4) Finally, and perhaps most importantly, I'm not sure this relationship has to be this way forever. In the end, that's what is most important, right? It almost felt as though this mom had given up. I have to wonder if some sort of therapy or family counseling could really help.
It helped me.
My son and I are very similar. We have the same kind of personality. He is my oldest. It has always been very easy to parent him. At first I thought it was because I must have some kind of super awesome parenting skills, but no … it's because he's a great kid and also because I understand him at a very deep level. We're almost one in the same in many ways.
My daughter and I are very different. It is hard for me to understand her, because she makes decisions I wouldn't. While I am very safety-conscious, she is ready to jump off things and fly through the air unharnessed. While I am often fairly low energy, she is nonstop action, chattering and singing away and running from here to there. My husband calls her a fabulous punch to the solar plexus of the universe, and he's right.
At first, she scared the living daylights out of me. I didn't know what to do. I couldn't understand why she behaved the way she did. She made me nervous. I wasn't sure how to connect with her the way I was connected with my son. It's like we both spoke different languages.
Then I talked to my therapist about it, because I love this little girl as fiercely as I love my boy and I didn't want a problem to begin right from the start. The therapist acted as my translator. She explained to me that, personality-wise, my son was a fit. He is easy for me, and I am for him, because we think alike and we behave alike. Not so with my daughter, so I needed to learn to understand her and appreciate her for who she was. It was my job to do that. She helped me see that it wasn't that my "preshy" didn't like me or was defying me or was trying to scare the living daylights out of me (like the time she left our house at the age of two by herself and walked a couple of football fields away off into a golf course without ever looking back over her shoulder … can you imagine?!). She's just a free spirit. A beautiful, wonderful free spirit.

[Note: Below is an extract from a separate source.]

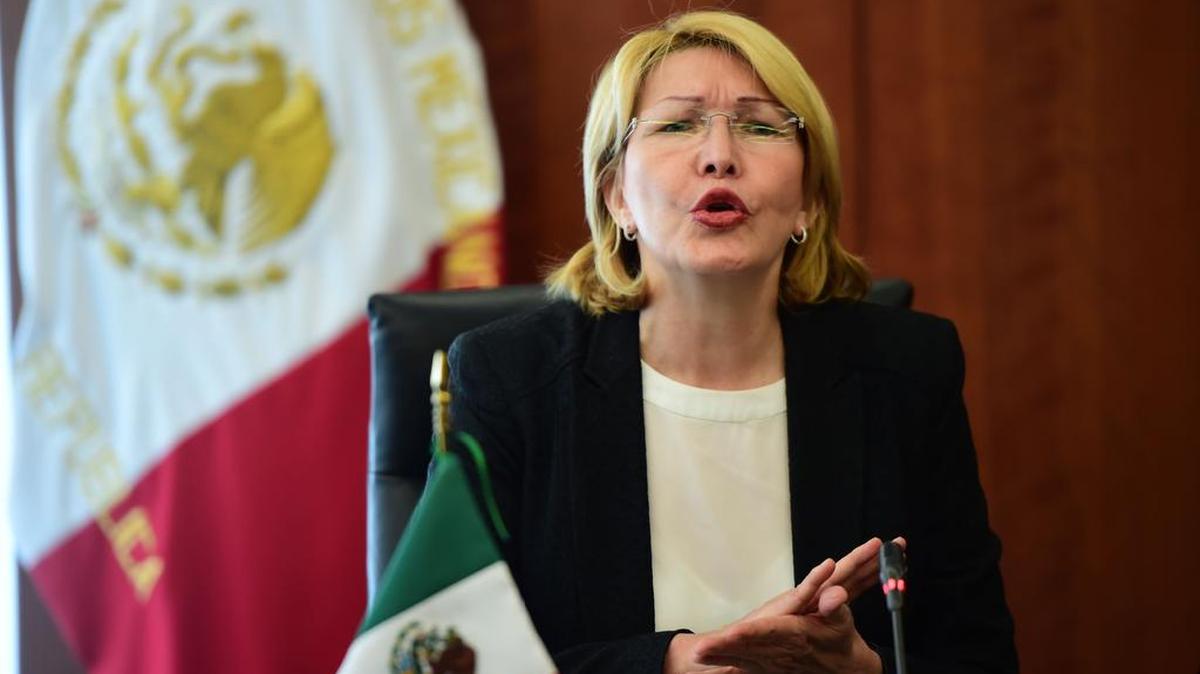 La ex fiscal general venezolana Luisa Ortega habla durante una conferencia de prensa en el Senado de México en Ciudad de México, el 1 de septiembre de 2017.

I can work with that. I am working with that. I'm learning to see life through Preshy's eyes. The world is one big amusement park as far as she is concerned. My boy is not perfect or better because he's like me. My daughter is not perfect or better because she isn't. And neither of them are less than anything. They're just different.
I'm not saying my situation is exactly like that of the mom who wrote the post. I don't know all the details of her life and everything that may have brought her to this spot. I just know what it feels like to be confounded by your child, and that sometimes people can help you reframe that thinking in a constructive way … a way that allows you to move forward positively and have a wonderful relationship.
Note: I hope you don't mind me writing about this today, rather than PPD. I just felt so overwhelmingly awful on so many levels after reading the post and comments that I wanted to put it down on paper, and to share my own experience so that maybe mothers who don't know how to connect to children that are "different" than they might see that it's possible.
Also, I don't link to the post here for a reason. I just want to be careful not to add more fuel to the fire that has already flamed over at the website. What's more important to me is the issue, rather than the specific people. I hope that makes sense.
I'm glad you wrote about this. I haven't been able to stop thinking about that post. The idea of her daughter someday reading it horrifies me. I just can't imagine how awful that would feel … this mother went way deeper than talking about simply "favoring" one child over the other. She mentioned loss and death and the birth of another girl in such a way that it suggests some sort of elimination of her daughter. It all seemed so cavalier. But I know it wasn't. The bottom line for me? The internet was definitely NOT the place to share these thoughts in this way. She needs to talk to someone real. Get some help.
I'm so glad you wrote about this – you describe all of my thoughts on the matter so well.
My reaction, when I read her post, was similar to yours .. I was thinking "This woman really needs help. This is a cry for help."
I agree that airing her feelings to the world was a mistake, but I also know that when people are suffering like she is – with a subject that is terrifying and shameful and totally taboo – that often they have no idea where to turn. I believe that airing her troubles in public was a desperate effort to seek comfort, or kinship – as in "does anyone else out there feel like I do? Please let me I'm not the only one…" THAT is a cry for help.
I also agree that personal attacks on her don't help at all. I hope that the outcome of this uproar is that someone WILL reach out a helping hand to her.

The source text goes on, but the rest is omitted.